When Irsay was awaiting his punishment from the NFL following his arrest, he was asked how it felt to be back at a league function after he finished treatment.
"It's a great privilege to be part of the NFL (that) you don't take for granted every day," Irsay told reporters then. "You just treasure it."
The incidents sullied Irsay's public image. But among owners, he was well-liked, in part because he had a great appreciation for the history of the game and the towering figures he had sat among as a teenager attending meetings with his father. His league input was prominently felt on the rule book. After a playoff loss to the Patriots, he and Polian advocated for rules enforcement that favored the offense at the expense of physical defensive play. This spurred changes that, early in the 2000s, helped propel the explosion of the passing game. The Colts undoubtedly benefited from that trend, but so did the NFL.
His most significant influence on the league, though, may have come at the NFL's Fall League Meeting in October of 2022. The league was then dealing with a series of controversies and investigations into the behavior of Washington Commanders owner Dan Snyder and others in the franchise, and the concurrent decline in the team's on- and off-field performance. During a break in that meeting, Irsay walked up to a group of reporters and said there was merit for owners to consider removing Snyder from team ownership. Irsay was the first owner to say aloud in public what other owners and league officials had only whispered privately about. Irsay's open statement caught the rest of the league off guard, and Snyder immediately said he would not give up his team. But within weeks of Irsay's remarks, the Commanders were up for sale, and by the start of the 2023 season, Snyder was out.
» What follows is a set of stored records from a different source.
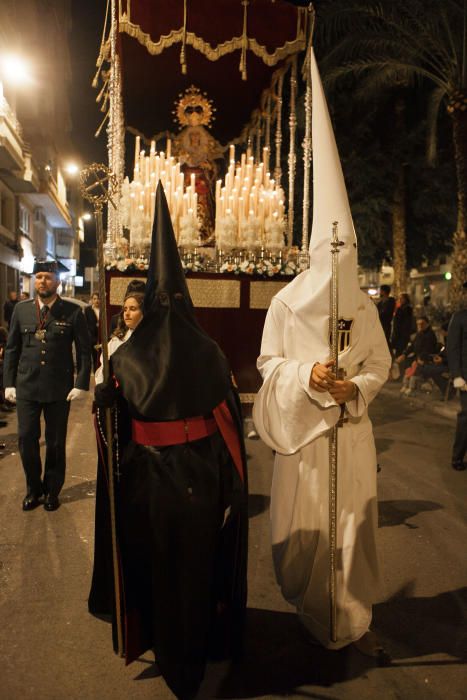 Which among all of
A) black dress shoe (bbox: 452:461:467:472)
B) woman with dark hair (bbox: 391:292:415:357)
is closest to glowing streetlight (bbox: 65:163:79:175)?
black dress shoe (bbox: 452:461:467:472)

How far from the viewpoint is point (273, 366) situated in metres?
3.33

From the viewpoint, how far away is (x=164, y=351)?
9.08 ft

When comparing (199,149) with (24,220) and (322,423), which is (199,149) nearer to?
(322,423)

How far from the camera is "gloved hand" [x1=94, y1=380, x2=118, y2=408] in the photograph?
2.87 m

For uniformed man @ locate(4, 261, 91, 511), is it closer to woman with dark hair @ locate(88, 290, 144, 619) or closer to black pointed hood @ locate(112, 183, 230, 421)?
woman with dark hair @ locate(88, 290, 144, 619)

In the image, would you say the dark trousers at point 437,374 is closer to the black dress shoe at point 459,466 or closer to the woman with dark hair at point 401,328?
the woman with dark hair at point 401,328

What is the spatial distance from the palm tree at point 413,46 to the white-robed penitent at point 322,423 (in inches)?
471

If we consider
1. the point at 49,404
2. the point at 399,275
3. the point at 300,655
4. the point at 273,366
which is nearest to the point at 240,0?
the point at 49,404

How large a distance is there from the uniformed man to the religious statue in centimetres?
506

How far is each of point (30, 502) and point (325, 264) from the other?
3.65 m

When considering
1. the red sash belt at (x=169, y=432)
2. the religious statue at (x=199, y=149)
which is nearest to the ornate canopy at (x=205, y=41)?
the religious statue at (x=199, y=149)

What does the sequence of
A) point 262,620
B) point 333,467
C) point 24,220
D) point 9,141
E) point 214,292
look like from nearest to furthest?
point 333,467
point 262,620
point 214,292
point 9,141
point 24,220

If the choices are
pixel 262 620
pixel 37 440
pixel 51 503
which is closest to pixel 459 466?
pixel 262 620

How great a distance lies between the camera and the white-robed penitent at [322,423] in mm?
3217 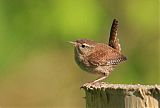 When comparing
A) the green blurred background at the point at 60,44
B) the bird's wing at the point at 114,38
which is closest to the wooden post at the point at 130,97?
the green blurred background at the point at 60,44

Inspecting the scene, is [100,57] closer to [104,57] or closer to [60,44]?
[104,57]

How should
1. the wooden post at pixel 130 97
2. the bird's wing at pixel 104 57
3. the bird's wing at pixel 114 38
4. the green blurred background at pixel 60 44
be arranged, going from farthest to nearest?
the bird's wing at pixel 114 38
the bird's wing at pixel 104 57
the green blurred background at pixel 60 44
the wooden post at pixel 130 97

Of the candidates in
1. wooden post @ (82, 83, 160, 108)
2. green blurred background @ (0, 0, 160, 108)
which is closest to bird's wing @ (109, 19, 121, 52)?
green blurred background @ (0, 0, 160, 108)

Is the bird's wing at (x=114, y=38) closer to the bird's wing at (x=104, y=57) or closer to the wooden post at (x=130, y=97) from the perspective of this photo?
the bird's wing at (x=104, y=57)

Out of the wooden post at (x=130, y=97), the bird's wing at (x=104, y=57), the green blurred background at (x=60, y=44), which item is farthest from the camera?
the bird's wing at (x=104, y=57)

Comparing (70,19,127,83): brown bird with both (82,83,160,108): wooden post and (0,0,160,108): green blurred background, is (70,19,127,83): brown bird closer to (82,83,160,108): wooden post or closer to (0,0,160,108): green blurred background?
(0,0,160,108): green blurred background

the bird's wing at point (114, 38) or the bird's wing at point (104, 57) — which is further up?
the bird's wing at point (114, 38)

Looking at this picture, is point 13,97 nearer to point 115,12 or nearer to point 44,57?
point 44,57

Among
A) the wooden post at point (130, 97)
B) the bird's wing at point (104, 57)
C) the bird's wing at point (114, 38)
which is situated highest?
the bird's wing at point (114, 38) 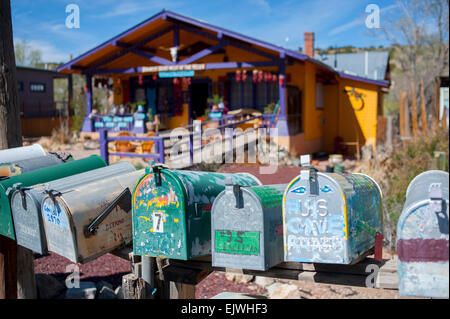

Irsay's wild-child image, which he carried with him well after his goatee and slicked-back hair had turned gray, belied the way he ran his franchise. That hued much more closely to the long-view influence of the league's elder statesmen from whom he first took guidance. For all his team's success, there were times during Irsay's sometimes-difficult ownership when he seemed wistful that he had to make all the decisions without reaching back to the game's past.
"When you are younger, you think there's a wise man behind that door with a white beard, and you can go see him and he'll tell you the answers," Irsay said in the 2012 New York Times interview. "But that man is not there."